11. Provide any additional information regarding application (how it was applied, amount applied, the size of the area treated etc).

on June 01 2018 , a 3 kg, 4 year old female neutered canine cross , was given one tube K9advantixII small dog once topically by the owner

To be determined by Registrant

12. In your opinion, was the product used according to the label instructions?

Yes

Subform III: Domestic Animal Incident Report

1. Source of Report

Medical Professional

2. Type of animal affected

Dog / Chien

3. Breed

Crossbred (Dog)

4. Number of animals affected

1

5. Sex

Female

6. Age (provide a range if necessary )

4

7. Weight (provide a range if necessary )

3

kg

8. Route(s) of exposure

Skin

9. What was the length of exposure?

>1 wk <=1 mo / > 1 sem < = 1 mois

10. Time between exposure and onset of symptoms

>2 hrs <=8 hrs / > 2 h < = 8 h

11. List all symptoms

System

  • Skin
    • Symptom - Erythema
  • Nervous and Muscular Systems
    • Symptom - Agitation

12. How long did the symptoms last?

>24 hrs <=3 days / >24 h <=3 jours

13. Was medical treatment provided? Provide details in question 17.

Yes

14. a) Was the animal hospitalized?

No

14. b) How long was the animal hospitalized?

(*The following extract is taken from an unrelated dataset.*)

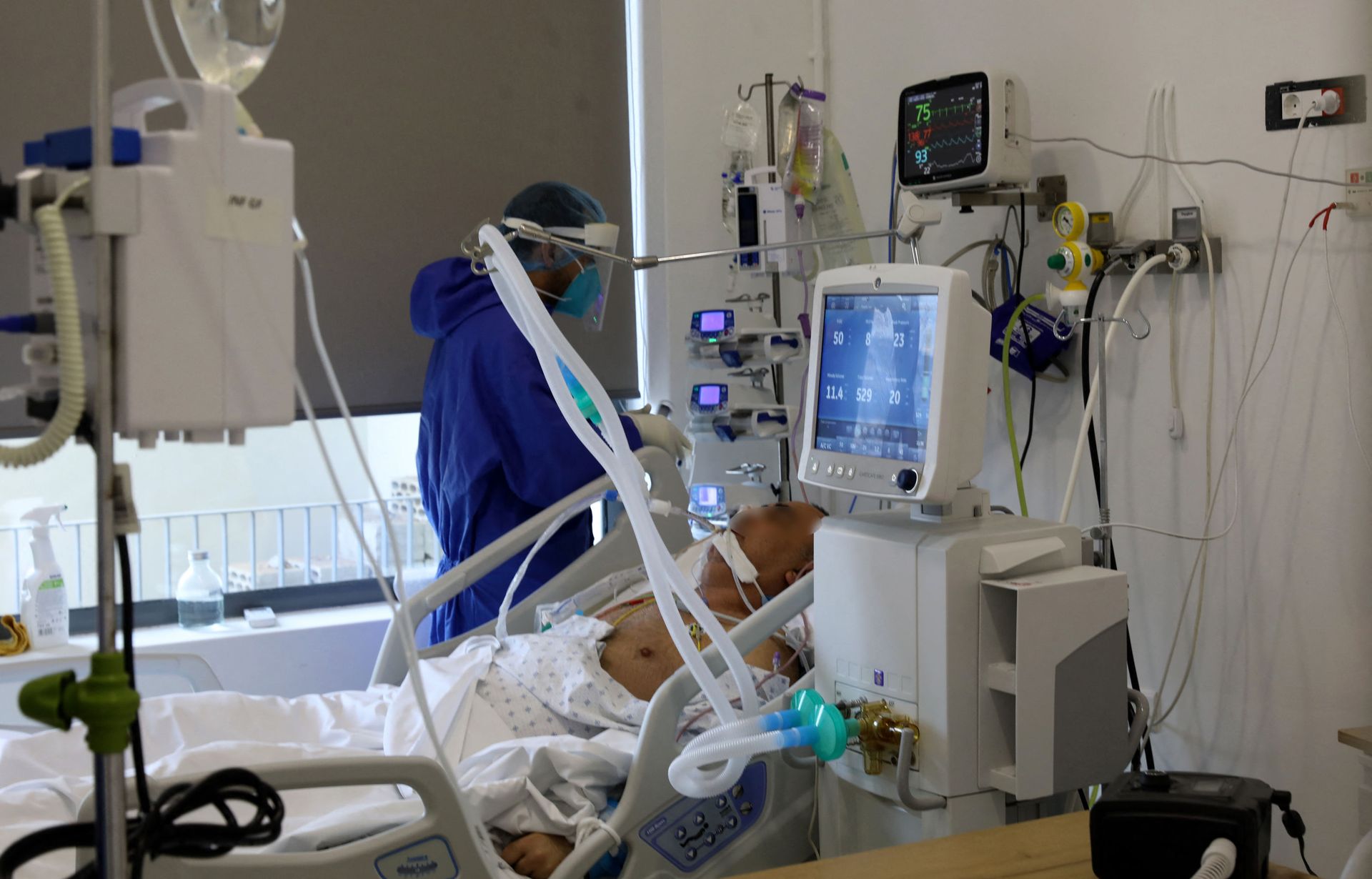 A patient who is suffering from the Covid-19 disease caused by the novel coronavirus is treated at the intensive care unit of the Geitaoui hospital in the Lebanese capital Beirut, on January 14, 2021. - Sputnik International, 1920, 08.01.2022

15. Outcome of the incident

Fully Recovered / Complètement rétabli

16. How was the animal exposed?

Treatment / Traitement

17. Provide any additional details about the incident

(eg. description of the frequency and severity of the symptoms

three hours after application the dog had application site erythema and was agitated; dog was prescribed topical Vitamin E ; reaction lasted 2 days


To be determined by Registrant

18. Severity classification (if there is more than 1 possible classification

Moderate

19. Provide supplemental information here

A - Probable Reported application site erythema likely reflects local dermal sensitivity to the product. Agitation is an unspecific sign. However, it likely consequence of application site erythema. Considering short time to onset and application site involvement, a product connection is deemed to be probable.